START Recorded data

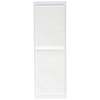 White Cotton Cards 60th Anniversary, Heart Photo Album (LLA60T), of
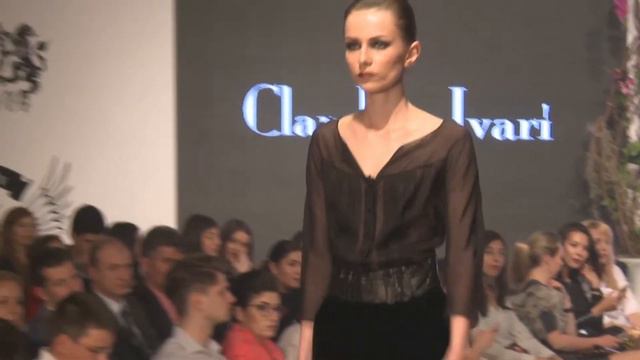 Caludine Ivari @ bucharest Fashion Week - Spring 2015 смотреть онлайн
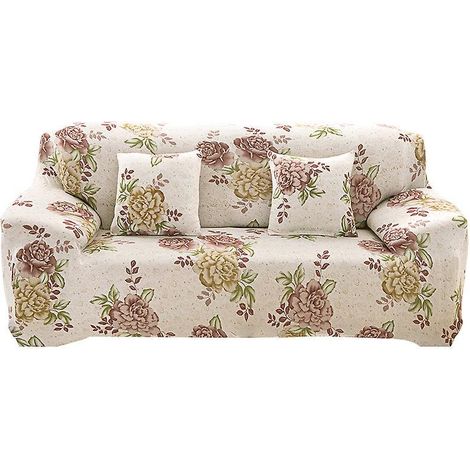 housse De Canap 2 Place 140-180cm Couverture Canap Avec Accoudoirs Moderne Couvre Canap Elastique Universelle Revtement De Canap Housse De Protect (1/5)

END Recorded data

What to produce: Would you mind transcribing the material exactly, without the pictures?

Written answer:
 White Cotton Cards 60th Anniversary, Heart Photo Album (LLA60T), of
 Caludine Ivari @ bucharest Fashion Week - Spring 2015 смотреть онлайн
 housse De Canap 2 Place 140-180cm Couverture Canap Avec Accoudoirs Moderne Couvre Canap Elastique Universelle Revtement De Canap Housse De Protect (1/5)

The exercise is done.